Writing is what I do- have always done, to figure out what I think and believe. Consequently, I write frequently about God. This most mysterious, mystical Being who begs his creatures to love him.
Paradox has seemed to fit for one of His names, it is everywhere...if we look. Of late, however, I think symmetry is better - with it though, we need to qualify this concept of conformity with awful and awesome. I do so hesitatingly because our vernacular currently treats everything as awesome - a new book, movie or cup of coffee, right? And yet there is no other word to covey ‘an emotion variously combining dread, veneration, and wonder that is inspired by authority or by the sacred or sublime,’ (as Merriam Webster defines it) is there? Okay, awe is understood and easily, but symmetrical?
• Consider the Tree of Good and Evil in the Garden - the only thing expressly forbidden to Adam and Eve in paradise. And then the Cross Our Lord chose to die on...the cross was fashioned out of wood, metaphorically, a tree.
• And the woman: Eve, intended as the mother of all the living, instead was the author of death for each of her descendants. And then the woman, Mary, in truth, the mother of Life.
• And the man, Adam, created in the image and likeness of God, walking with Him in the ‘breezy time of the day’ each afternoon in the Garden. Until shame and blame entered paradise: Where are you? He asked...could all have been saved if either Adam or Eve had owned their sin rather than blaming the other?

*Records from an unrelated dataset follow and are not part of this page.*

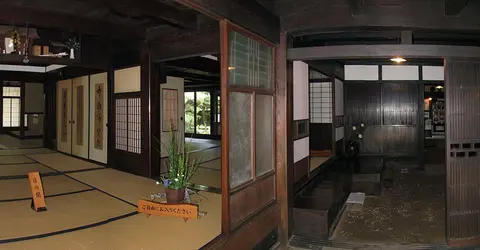 L'intérieur du Waki-honjin à Shinjō-juku, Shinjō L'intérieur du Waki-honjin à Shinjō-juku, Shinjō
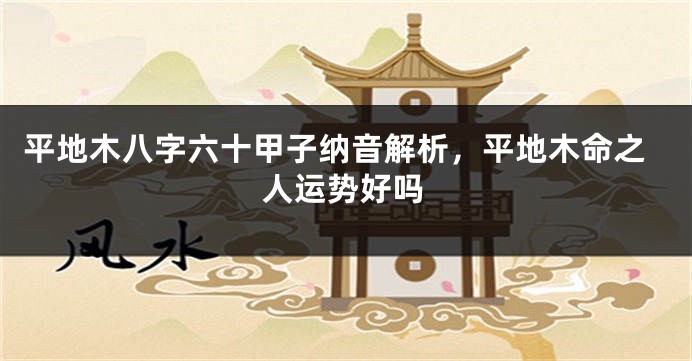 平地木八字六十甲子纳音解析，平地木命之人运势好吗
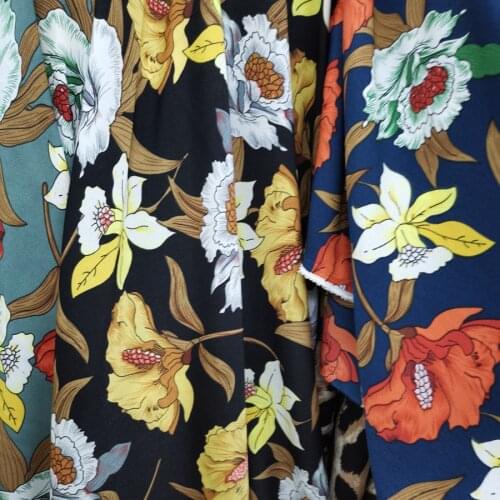 Stretchy Chiffon Dress Flower Holiday Fashion Dress fabric dress Trouser Skirt blouse Material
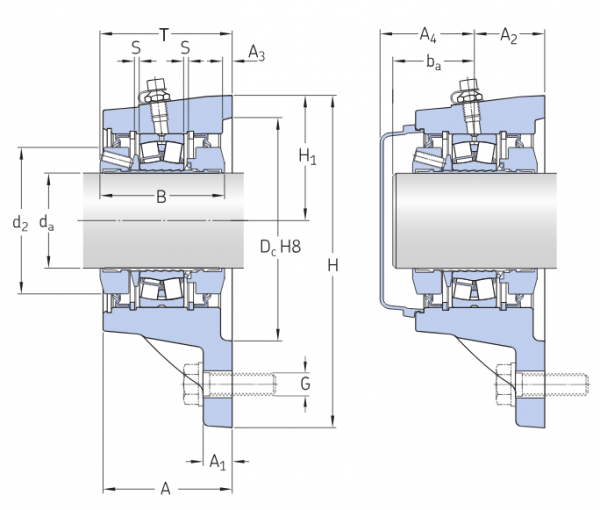 Роликоподшипниковый узел FYNT 50 L (SKF)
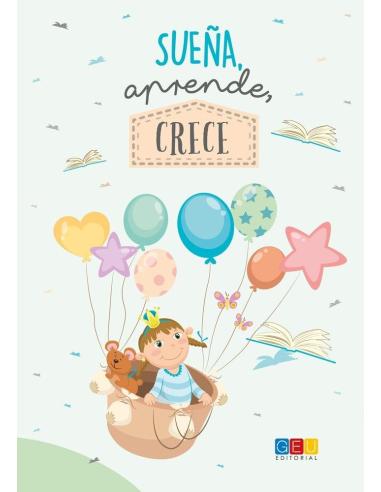 Libreta "Sueña, aprende, crece" · A5 · Tapa blanda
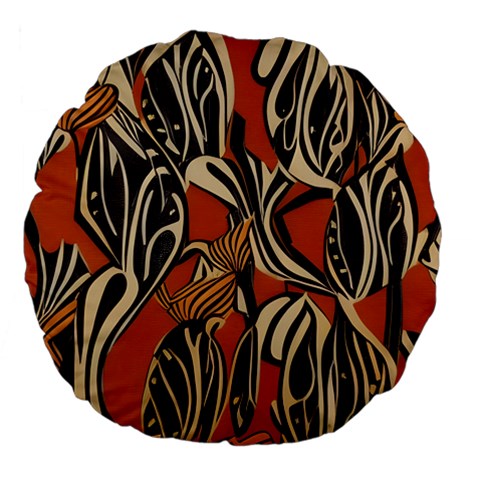 African - Ethnic Large 18" Premium Flano Round Cushion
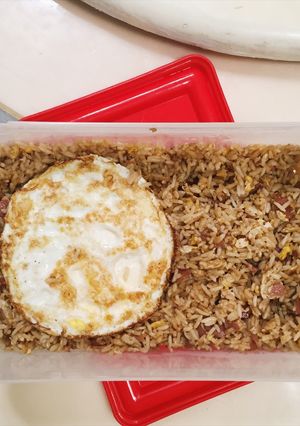 Foto resep Nasi Goreng Smoke Ham Simple
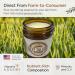Grass Fed Beef Tallow Balm - 8 oz - Made in USA - Organic Grass Fed and Finished - Moisturizing Skin Care Peppermint - Buy Online on GoSupps.com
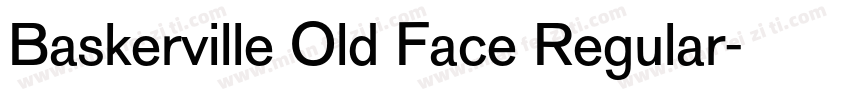 Baskerville Old Face Regular字体转换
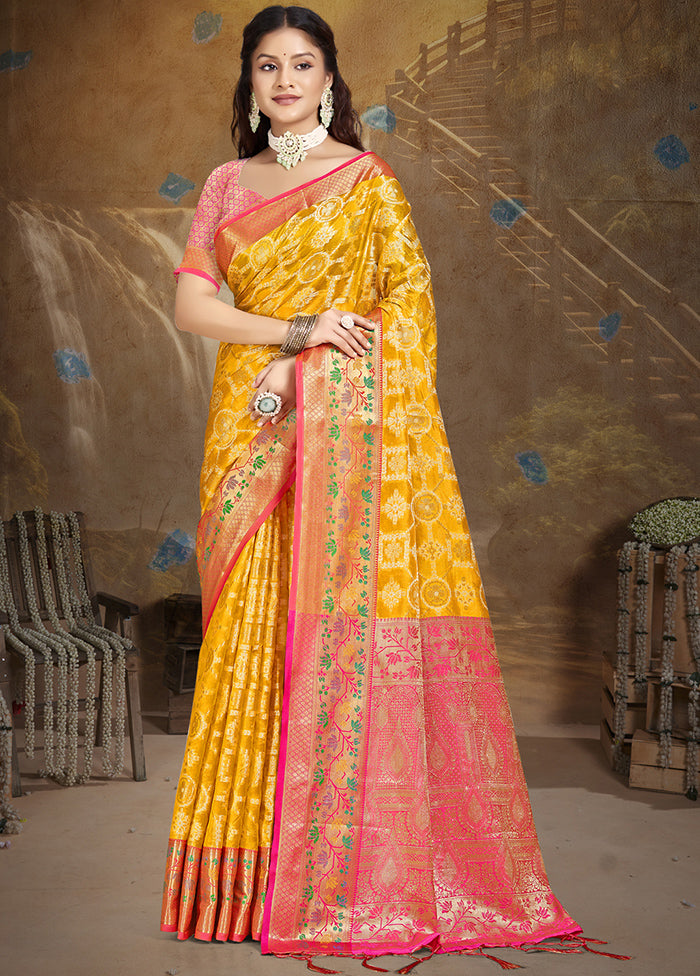 Multicolor Dupion Silk Saree With Blouse Piece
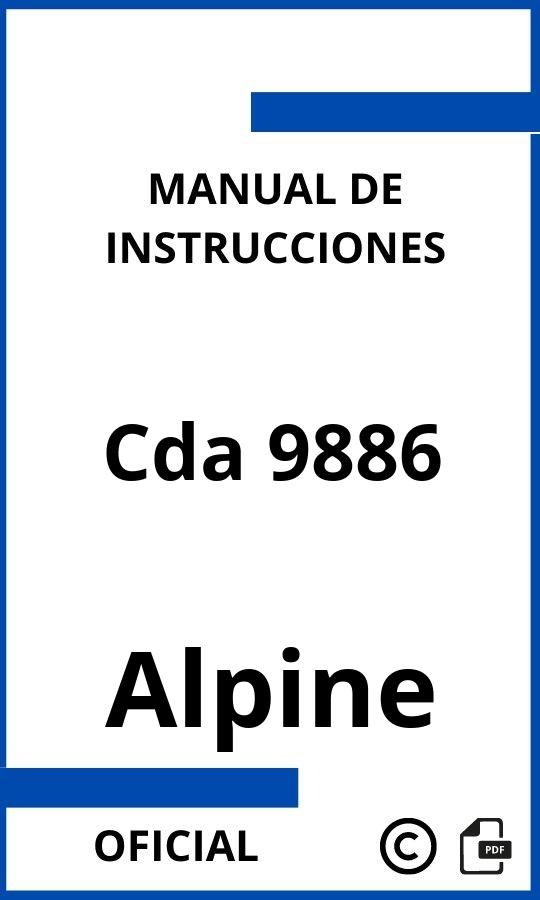 Alpine Cda 9886 Manual de Instrucciones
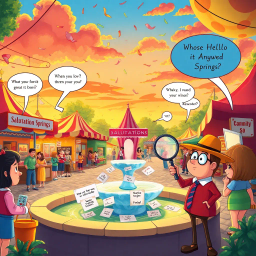 Whose Hello Is It Anyway? - Text-based game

• Finally, the son of Man, Jesus (he who saves) empties himself to become a slave - like us:
Have among yourselves the same attitude that is also yours in Christ Jesus, Who, though he was in the form of God, did not regard equality with God something to be grasped. Rather, he emptied himself, taking the form of a slave, coming in human likeness; and found human in appearance, he humbled himself, becoming obedient to death, even death on a cross. Because of this, God greatly exalted him and bestowed on him the name that is above every name, that at the name of Jesus... every knee should bend, of those in heaven and on earth and under the earth, and every tongue confess that Jesus Christ is Lord, to the glory of God the Father.
Can St. Paul’s Hymn be read with any other emotion than variously combining dread, veneration, and wonder that is inspired by authority or by the sacred or sublime?
Of course not. Likewise, can the symmetry of the tree, the woman and the man be missed?
But God does not end it there, does He? No, this author of some of the most profoundly mystical teachings in Christianity was born a Jew, not just any Jew but one who kept all 613 commandments so zealously that murdering Christians was not only acceptable, but righteous, to this most zealous of Pharisees. In the recent Acts of the Apostles reading, Luke writes that Saul,
...still breathing murderous threats against the disciples of the Lord, went to the high priest and asked him for letters to the synagogues in Damascas, that, if he should find any men or women who belonged to the Way, he might bring them back to Jerusalem in chains. On his journey, as he was nearing Damascus, al ight from the sky suddenly flashed around him. He fell to the ground and heard a voice saying to him, “Saul, Saul, why are you persecuting me?
Saul, meaning great one, becomes Paul, meaning little one, as he lies in the dust, blind and yet seeing more truth than he could ever have envisoned in his view of his God.
Paradox and symmetry are just two of the countless attributes of this God of ours, this God whose thoughts are not our thoughts and whose ways are not our ways.